Yes, miners got a bit of a boost with credit on shares that should have been rejected, but that wasn't very fair to the pool or pw.
I disagree - I think the old system was quite fair.
Consider: the switcher decides to put half of the pool on tagcoin and half on litecoin. The miners on tagcoin will see much higher reject rates then those mining litecoin. Both are doing the same "real work" towards finding a block - but those rigs on tagcoin would be making a chunk less due to reject rate. Essentially, half of the pool would see lower profits.
Considering that we do not mine the smaller low-diff coins for very long, consider the more realistic situation where a chunk of the pool gets moved to tagcoin for a few shifts. That chunk is basically being "penalized" by higher rejects for a few rounds - possibly several percent difference in an hour of mining.
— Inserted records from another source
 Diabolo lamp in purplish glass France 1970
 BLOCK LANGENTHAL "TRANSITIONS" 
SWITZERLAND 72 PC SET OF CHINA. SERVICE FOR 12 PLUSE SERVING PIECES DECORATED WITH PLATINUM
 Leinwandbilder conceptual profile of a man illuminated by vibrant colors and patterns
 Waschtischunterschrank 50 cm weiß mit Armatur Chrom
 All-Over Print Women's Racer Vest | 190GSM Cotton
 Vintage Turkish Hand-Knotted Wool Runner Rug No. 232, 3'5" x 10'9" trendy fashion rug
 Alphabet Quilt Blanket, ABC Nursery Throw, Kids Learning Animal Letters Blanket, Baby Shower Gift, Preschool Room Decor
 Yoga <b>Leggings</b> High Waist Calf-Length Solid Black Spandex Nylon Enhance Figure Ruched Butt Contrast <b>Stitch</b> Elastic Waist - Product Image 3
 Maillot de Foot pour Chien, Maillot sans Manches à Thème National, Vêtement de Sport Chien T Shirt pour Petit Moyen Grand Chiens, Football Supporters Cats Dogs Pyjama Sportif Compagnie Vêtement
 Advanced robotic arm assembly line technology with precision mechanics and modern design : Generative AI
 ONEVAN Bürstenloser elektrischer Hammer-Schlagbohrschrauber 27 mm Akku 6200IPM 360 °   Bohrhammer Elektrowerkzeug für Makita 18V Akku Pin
Please re-read PW's explanation of the difference between the way the previous stratum implementation and new stratum implementation works:
https://bitcointalk.org/index.php?topic=433634.msg5762701#msg5762701The pool was being overly forgiving in giving credit to shares that were actually stale after a coin switch. This means miners were being paid for shares that did NOT have corresponding profit for the pool to pay us with.
How was this fair again?
Your argument on low-diff coins and relative rejects between the two has absolutely nothing to do with what I was saying.
The way it works now is actually the way it should work.